We spoke about the project with Paolo Nesichair of the DISIT Lab at the University of Florence and project coordinator.

Who are the beneficiaries of the Km4City project?

The main beneficiaries are the city’s users (citizens, students, commuters and tourists) and, of course, operators and public administrations.

Km4City is an example of how intelligent use of data can support the City in planning and developing new services. Can it be replicated in other areas?

Km4City is completely open source, it can be easily replicated in other regions and areas. It is also a completely open system to which new data and processes can be easily added. The ontology itself is open like everything else. The server side systems have been developed in open languages such as Java, PHP, Javascript, ETL, Python, etc. The Km4City platform is modular and scalable, in the sense that a small administration can also install and use only the parts that are of interest to it. The entire data acquisition system is able to ingest/aggregate static and real-time data in multiple standards with solutions that are fully scalable in the cloud or in the data centers public administrations.

How is Km4City fed?

Km4City is fed with open data, road graphs and real-time data from open data, mobility managers, social networks such as Twitter, from any type of sensor in the city and also from apps and thus from the end users themselves.

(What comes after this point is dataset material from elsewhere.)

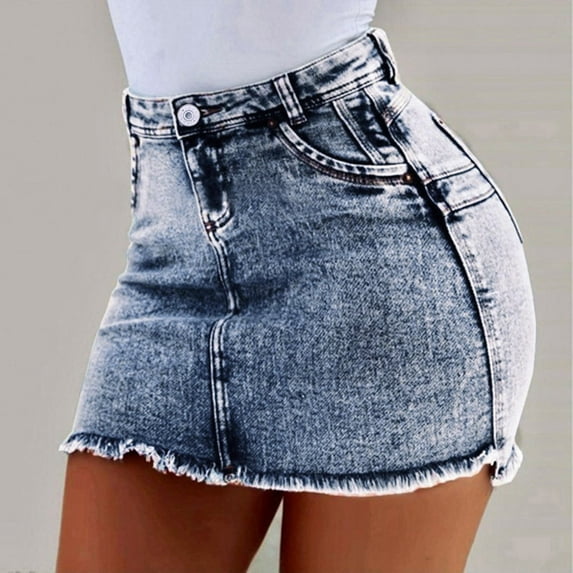 YUEJUIR Summer Skirt Women Fashion Summer Short Jeans Denim Female Pockets Wash Denim Mini Skirts Pencil Skirt Casual Skirts For Women (Light Blue,XXL)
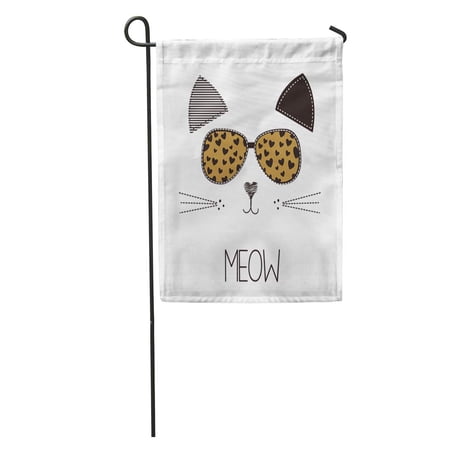 SIDONKU Face Cat Glasses on Graphics Kitty Cute Pattern Charming Girlie Garden Flag Decorative Flag House Banner 28x40 inch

Why is Km4City a benchmark in the international arena?

It is not up to us to say that Km4City is an international benchmark. The ontology and thus the Km4City model have been judged the most complete by various bodies. In addition, Km4City solutions are being used by various European and national projects that also contribute to their expansion as models and tools. These projects include: Sii-Mobility (Ministry of Education national smart city, mobility and transport, with several trials in almost all of Tuscany), RESOLUTE H2020 of the European Commission (for the study and implementation of resilience solutions for transport systems with trials in Florence and Athens), REPLICATE H2020 of the European Commission (for the introduction of sustainable mobility solutions, IOT and integrated energy, in the context of the European smart city plan), the Ministry of Education’s GHOST project … and others.

Can Km4City become an important asset in support of urban planning?

Of course, given that with its algorithms it is able to produce origin-destination matrices on vehicle flows and also on people (with the contribution of RESOLUTE), and create predictive models on flows, parking and people. It collects data and knowledge on how users use the city and on how the city lives and evolves. On the basis of knowledge, tools are being activated for decision support, risk assessment and the evaluation of resilience.

What critical issues have been encountered?

The main issues that have been addressed and resolved are related to management of the complexity of heterogeneous data acquisition (different sources, protocols, standards, formats, etc.), to the volumes of these data arriving continuously from the City and from Apps, and to their quality and discontinuity; in this way configuring the smart city issue within the space of Big Data.The lack of interoperability and the limited quality of data are handled in Km4City through data mining tools for aggregating data and correcting problems within acceptable parameters. On the basis of Km4City knowledge, a variety of data analytic algorithms are then executed that are based on artificial intelligence and statistics for the production, also in real time, of forecasts, suggestions, stimuli for citizens, and suggestions for policymakers.

The next steps?

We will be engaged in the expansion of trials with Sii-Mobility to many areas of Tuscany on aspects of mobility and transport, and to Florence and Athens on resilience aspects of transport systems. In detailing data, based on the requests we receive, we are expanding the knowledge base in order to cover more regions up to reaching the whole of Italy.